Bluestone also took an academic role in field, publishing the New York Attorney Malpractice Report from 2002-2004.  He started the “New York Attorney Malpractice Blog” in 2004, where he has published more than 4500 entries.

Mr. Bluestone has written 38 scholarly peer-reviewed articles concerning legal malpractice, many in the Outside Counsel column of the New York Law Journal. He has appeared as an Expert witness in multiple legal malpractice litigations.

Mr. Bluestone is an adjunct professor of law at St. John’s University College of Law, teaching Legal Malpractice.  Mr. Bluestone has argued legal malpractice cases in the Second Circuit, in the New York State Court of Appeals, each of the four New York Appellate Divisions, in all four of  the U.S. District Courts of New York and in Supreme Courts all over the state.  He has also been admitted pro haec vice in the states of Connecticut, New Jersey and Florida and was formally admitted to the US District Court of Connecticut and to its Bankruptcy Court all for legal malpractice matters. He has been retained by U.S. Trustees in legal malpractice cases from Bankruptcy Courts, and has represented municipalities, insurance companies, hedge funds, communications companies and international manufacturing firms. Mr. Bluestone regularly lectures in CLEs on legal malpractice.

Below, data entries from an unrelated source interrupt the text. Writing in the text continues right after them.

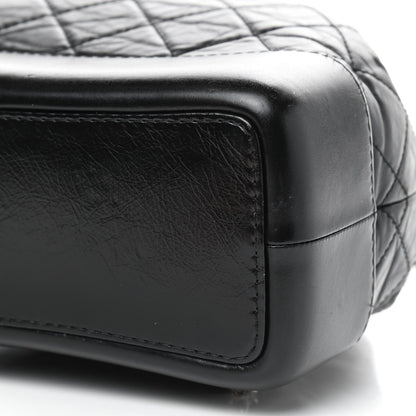 Chanel Aged Calfskin Quilted Small Gabrielle Backpack Black 7 of 9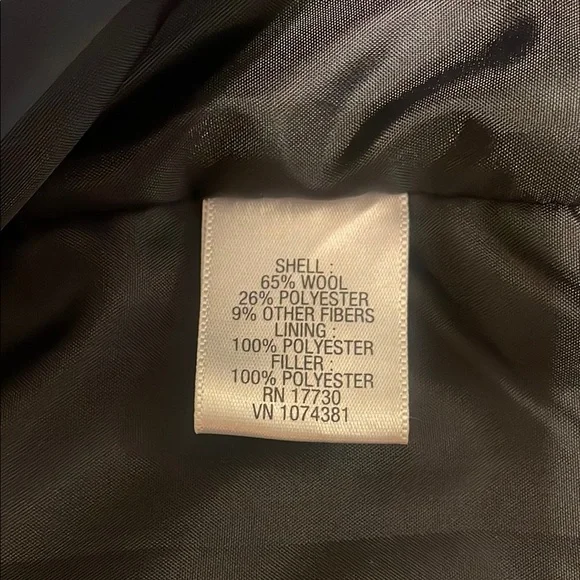 Gray Military Field Jacket with Structured Fit - Picture 5 of 6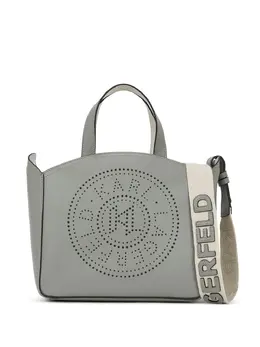 Karl Lagerfeld small K/Circle perforated tote bag 29164967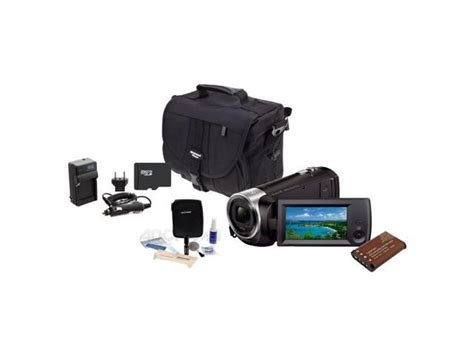 Sony HDR-CX405 Full HD 60p Camcorder, 2.3MP Sensor, w/Upgrade Accessory Kit - Newegg.com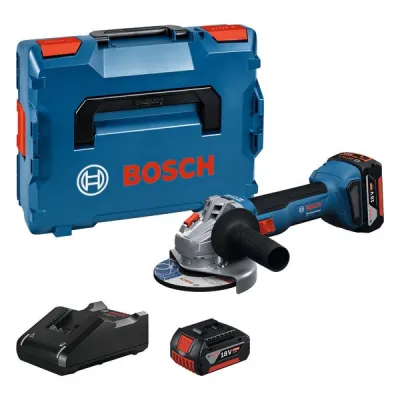 BOSCH 06019N9003 GWS 18V-8 (2x5,0Ah, L) Akku-Winkelschleifer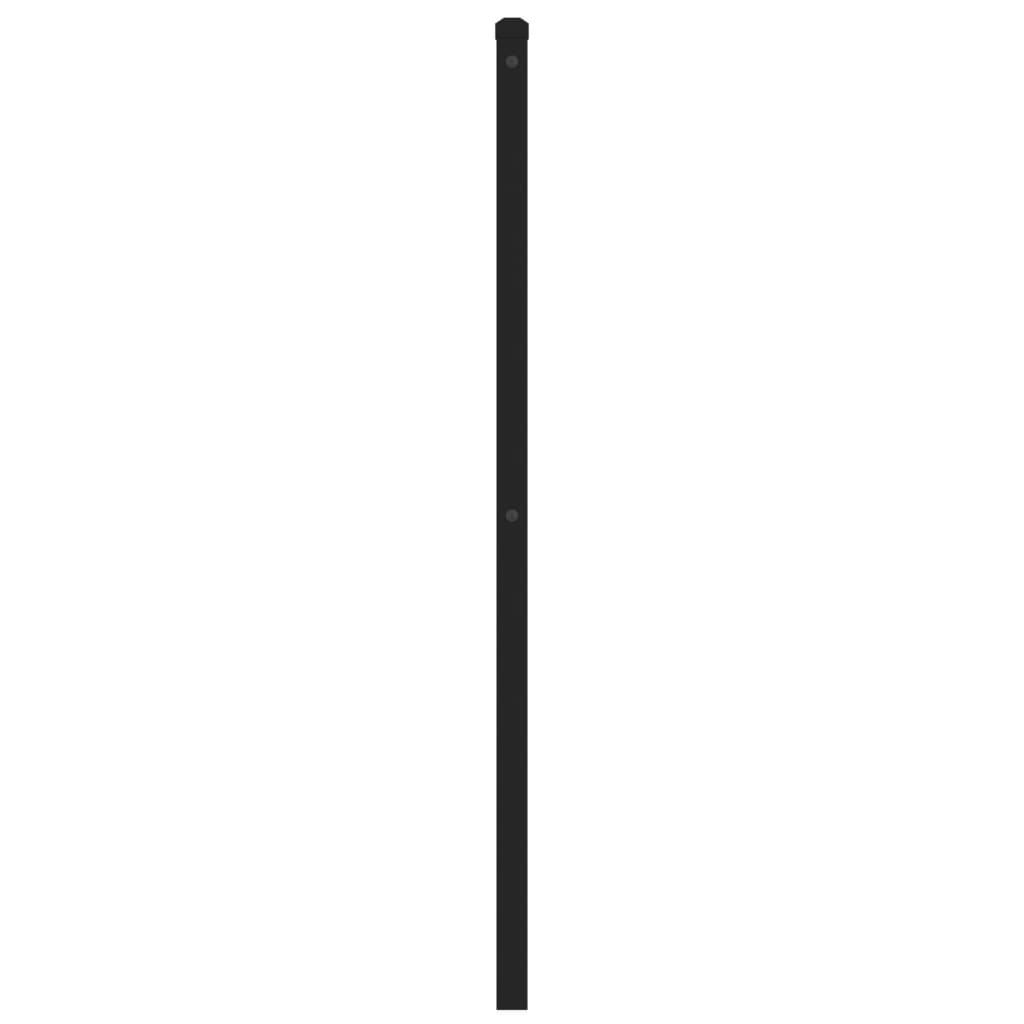 Vervangend hoofdbord 200 cm metaal zwart is nu te koop bij PeponiXL, paradijselijk wonen!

Based upon his professional experience Bluestone was named a Diplomate and was Board Certified by the American Board of Professional Liability Attorneys in 2008 in Legal Malpractice. He remains Board Certified.  He was admitted to The Best Lawyers in America from 2012-2019.  He has been featured in Who’s Who in Law since 1993.

In the last years, Mr. Bluestone has been featured for two particularly noteworthy legal malpractice cases.  The first was a settlement of an $11.9 million dollar default legal malpractice case of Yeo v. Kasowitz, Benson, Torres & Friedman which was reported in the NYLJ on August 15, 2016. Most recently, Mr. Bluestone obtained a rare plaintiff’s verdict in a legal malpractice case on behalf of the City of White Plains v. Joseph Maria, reported in the NYLJ on February 14, 2017. It was the sole legal malpractice jury verdict in the State of New York for 2017.

Bluestone has been at the forefront of the development of legal malpractice principles and has contributed case law decisions, writing and lecturing which have been recognized by his peers.  He is regularly mentioned in academic writing, and his past cases are often cited in current legal malpractice decisions. He is recognized for his ample writings on Judiciary Law § 487, a 850 year old statute deriving from England which relates to attorney deceit.